- Required action: Span requested from the data below: the line with "After the validation, it's" through the line with "So p prime is", both included. Give only these lines again, exactly, and leave every picture out.

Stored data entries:

=== Begin Enclosure ===

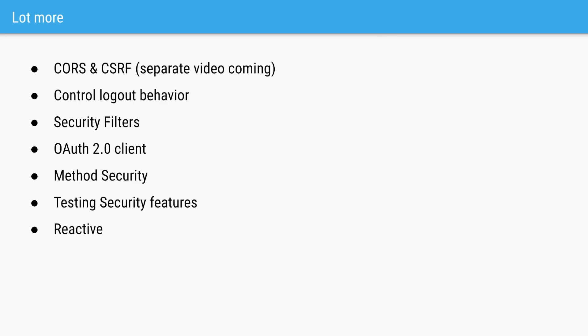CORS and CSRF are two other important topics which I want to cover, but we can do that in a separate video. Thanks a lot for watching, and see you in the next one. Bye.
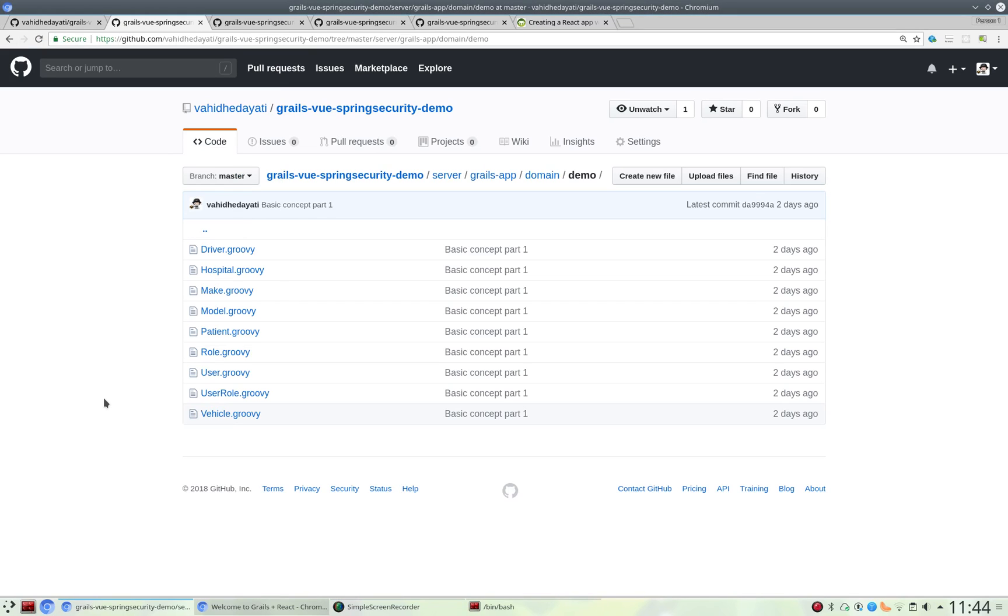Hi there, I'm going to do a video on Grails 3 with Spring Security, Spring Security REST, and Vue.js as the front-end technology to interact with all that.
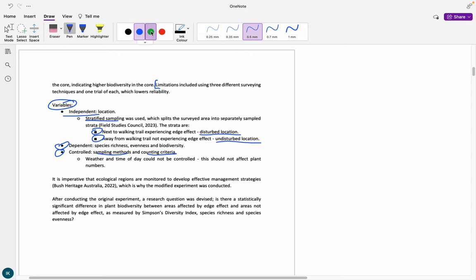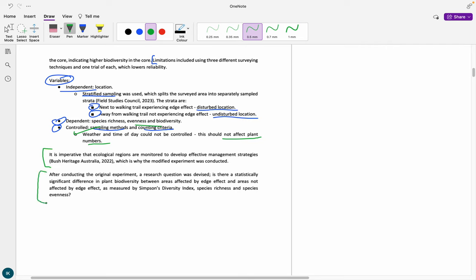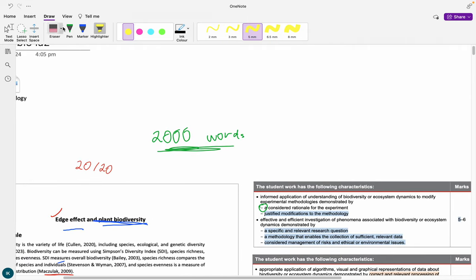There are also things you cannot control that may affect results, like weather and time of day. I noted these couldn't be controlled but said they shouldn't affect plant numbers — plants are sedentary, so the sun going up or down doesn't change them. If you were looking at animals, that might be an issue, but not here. You then need a brief one-sentence statement on why your experiment is important. I essentially referenced a QCAA dot point: we need to monitor ecological regions so we can manage them properly.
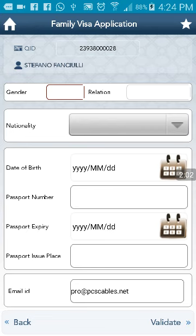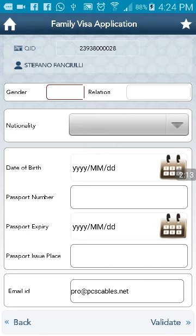After the validation, it's very easy to apply for a family visit visa through Metrash 2. I hope it will be useful for you. Share this video with all of your friends, and like and share our Facebook page for more updates. Subscribe to our YouTube channel.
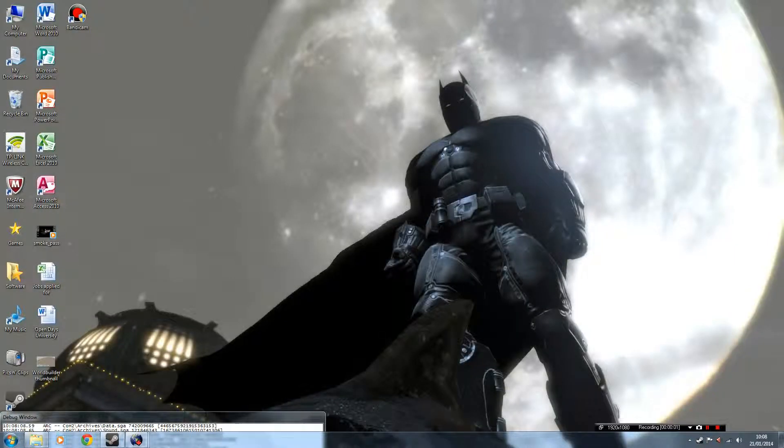Hello, this is Adam from VFUELS and today I'm going to show you how to open the World Builder for Company of Heroes 2 and then how to save a map.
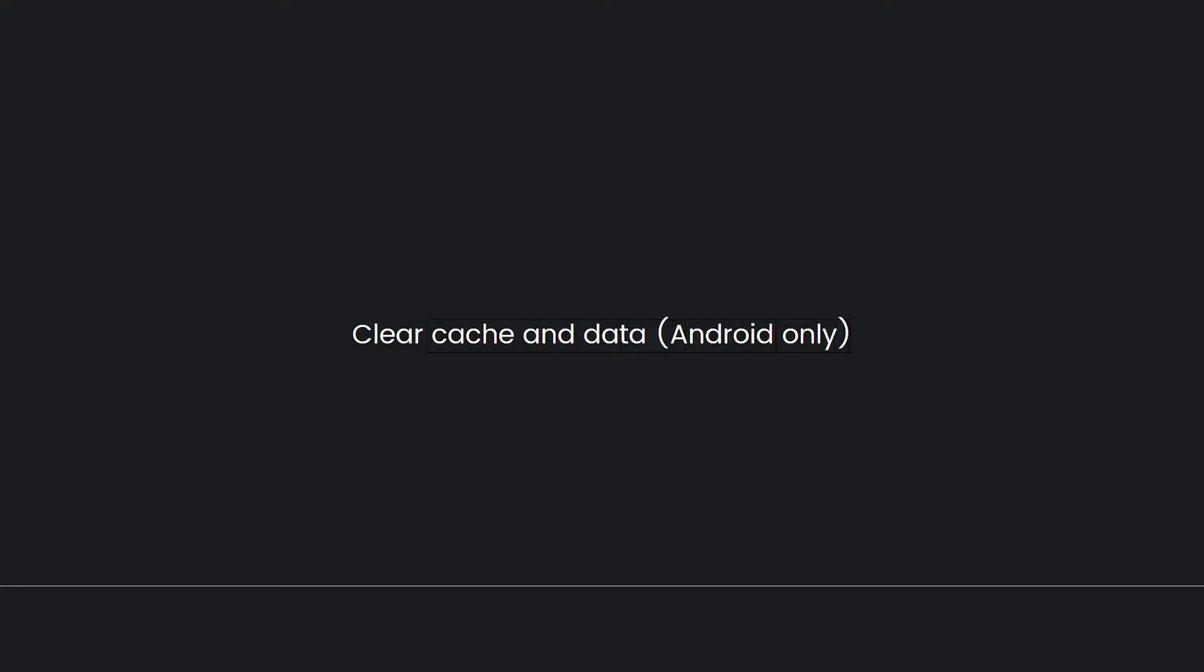Next, clear cache and data for Android users only. If you're using the Tubi app on an Android device, you can try clearing the cache and data. Go to your device's settings, then apps or application manager. Find the Tubi app in the list, tap on it, and select storage. From there, you can clear the cache and data. Note that this will sign you out of the app and you will need to log in again.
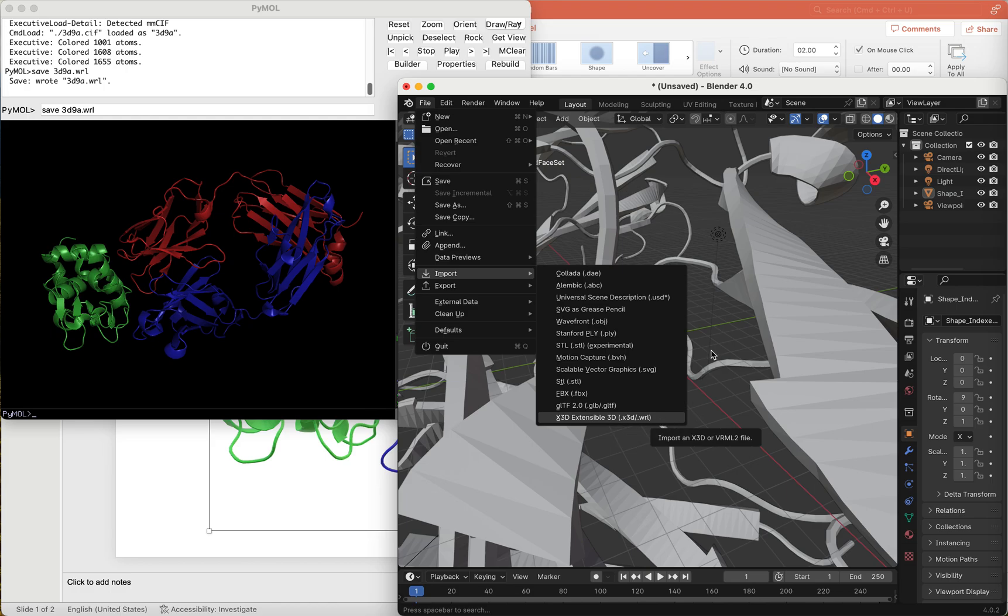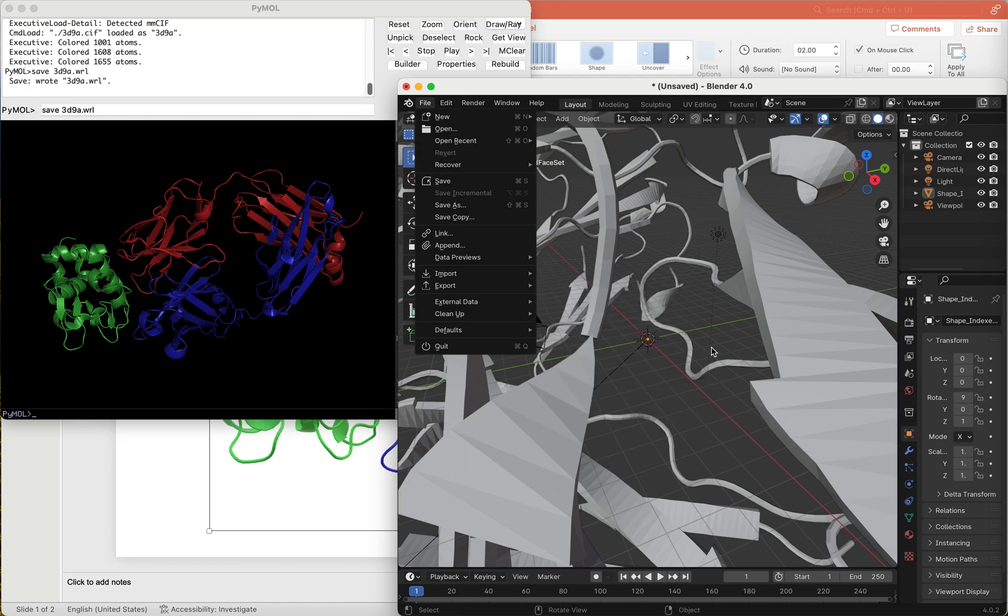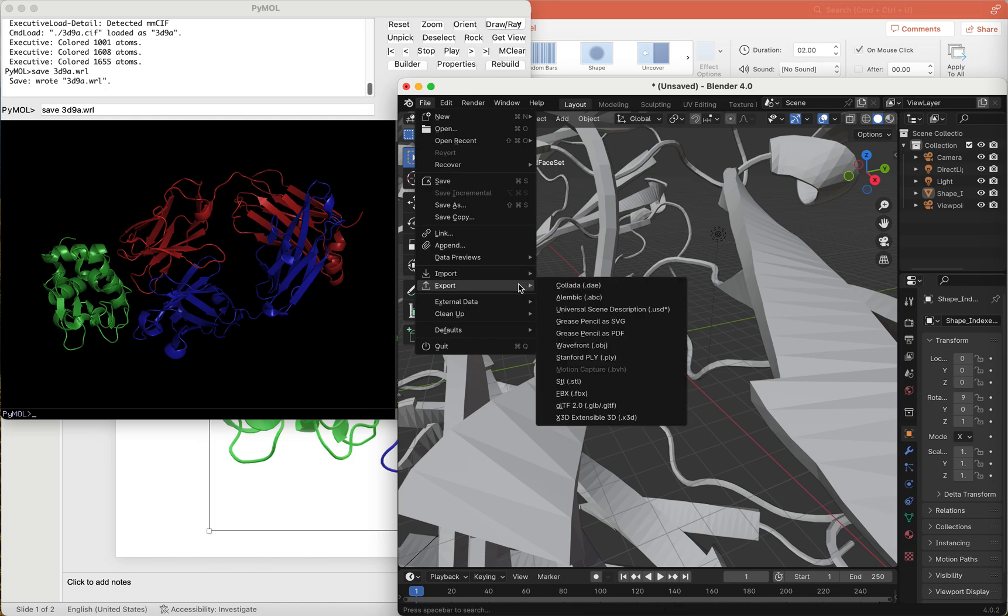Once the 3D object is in Blender, then we can export it out as another file format by choosing Export, glTF file format with the extension .glb.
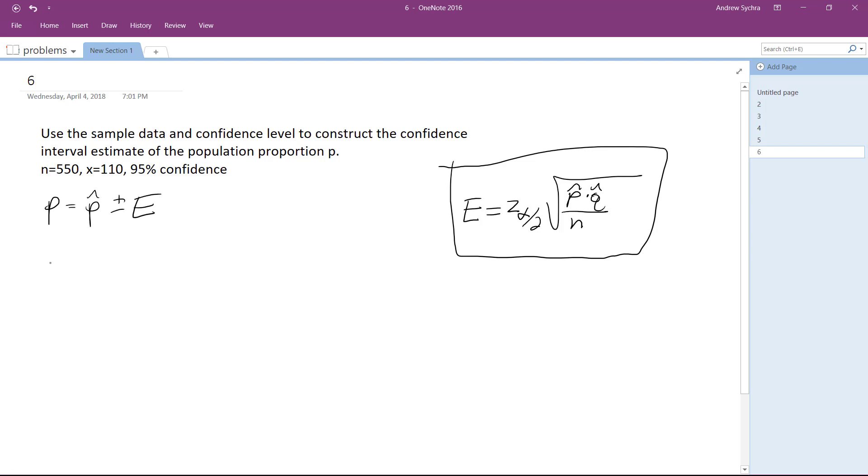So p prime is equal to 110 over 550, which reduces down to 0.2.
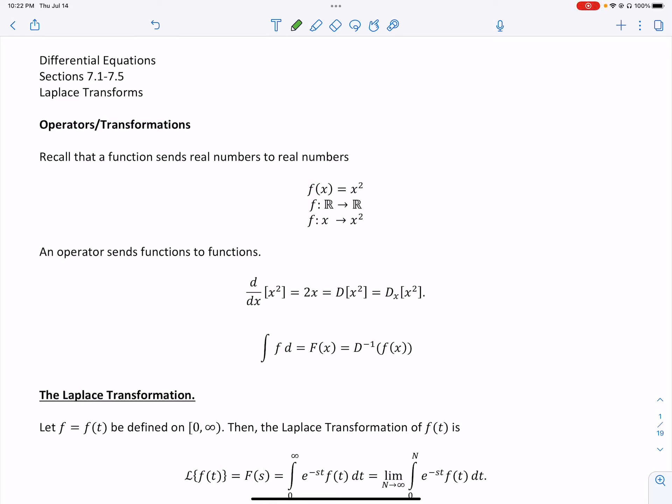We'll begin our discussion of sections 7.1 through 7.5. This will cover a bunch of topics — it's best to treat it as one instead of doing each section separately. We are going to define something called a Laplace transform in this video.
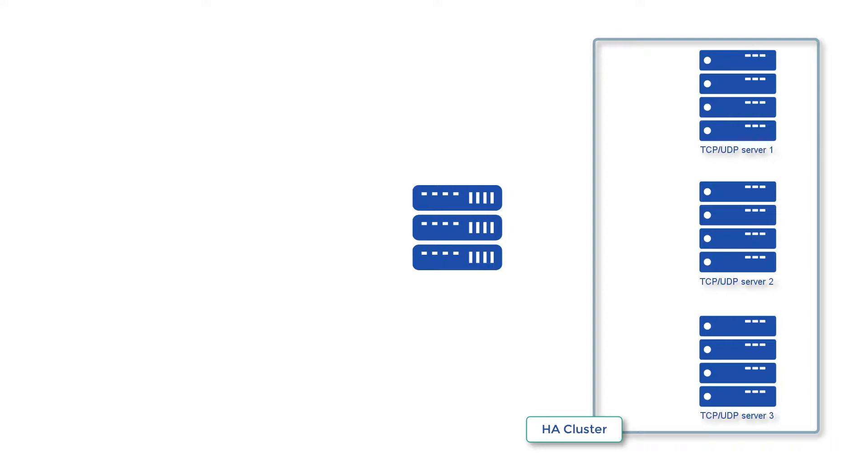If you don't know what active-active and active-passive high availability configurations are, I've provided a link to a post that can help you with that in the description if you're watching this on YouTube or in the post if you're watching this on LinkedIn or Facebook.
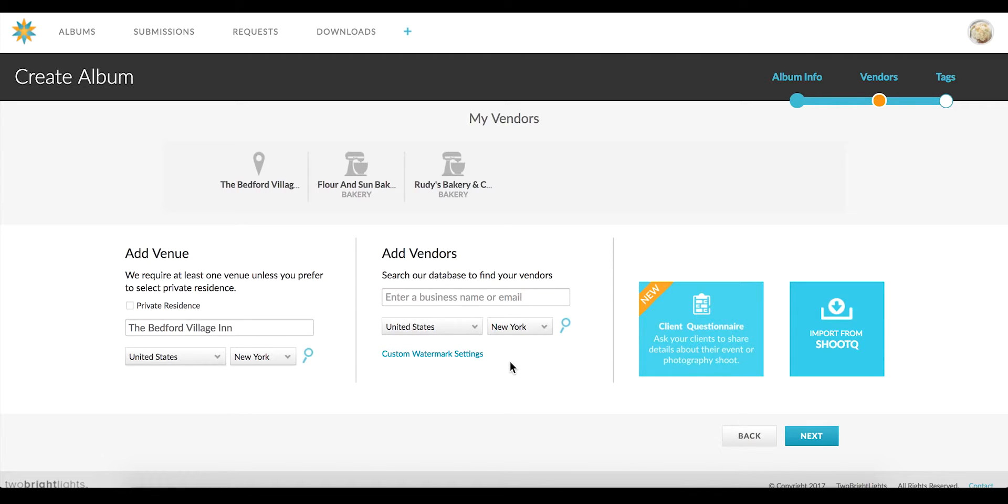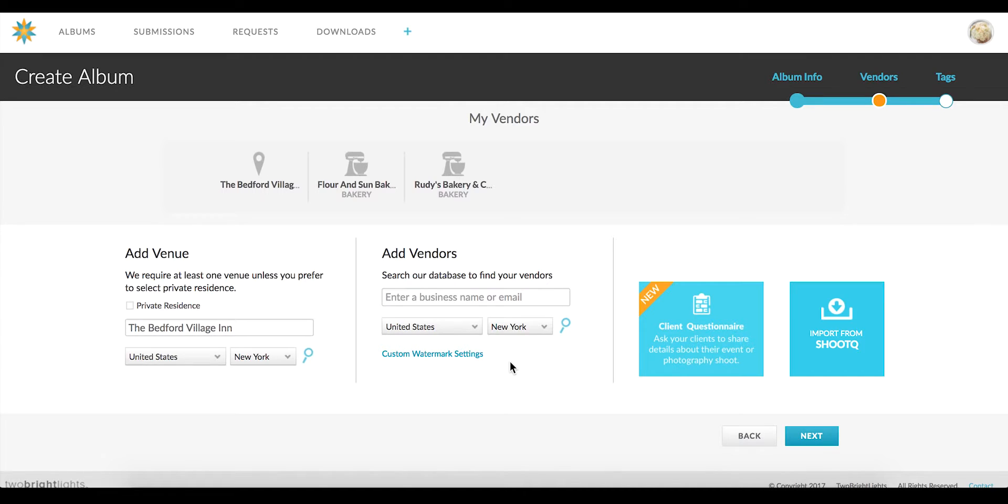You can send the questionnaire during the album creation process on the vendor tagging page. After completing the first three steps of the album creation process, you'll be brought to this page where you can tag your vendors and send your client questionnaire.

=== End Enclosure ===

- Output:
After the validation, it's very easy to apply for a family visit visa through Metrash 2. I hope it will be useful for you. Share this video with all of your friends, and like and share our Facebook page for more updates. Subscribe to our YouTube channel.
Hello, this is Adam from VFUELS and today I'm going to show you how to open the World Builder for Company of Heroes 2 and then how to save a map.
Next, clear cache and data for Android users only. If you're using the Tubi app on an Android device, you can try clearing the cache and data. Go to your device's settings, then apps or application manager. Find the Tubi app in the list, tap on it, and select storage. From there, you can clear the cache and data. Note that this will sign you out of the app and you will need to log in again.
Once the 3D object is in Blender, then we can export it out as another file format by choosing Export, glTF file format with the extension .glb.
So p prime is equal to 110 over 550, which reduces down to 0.2.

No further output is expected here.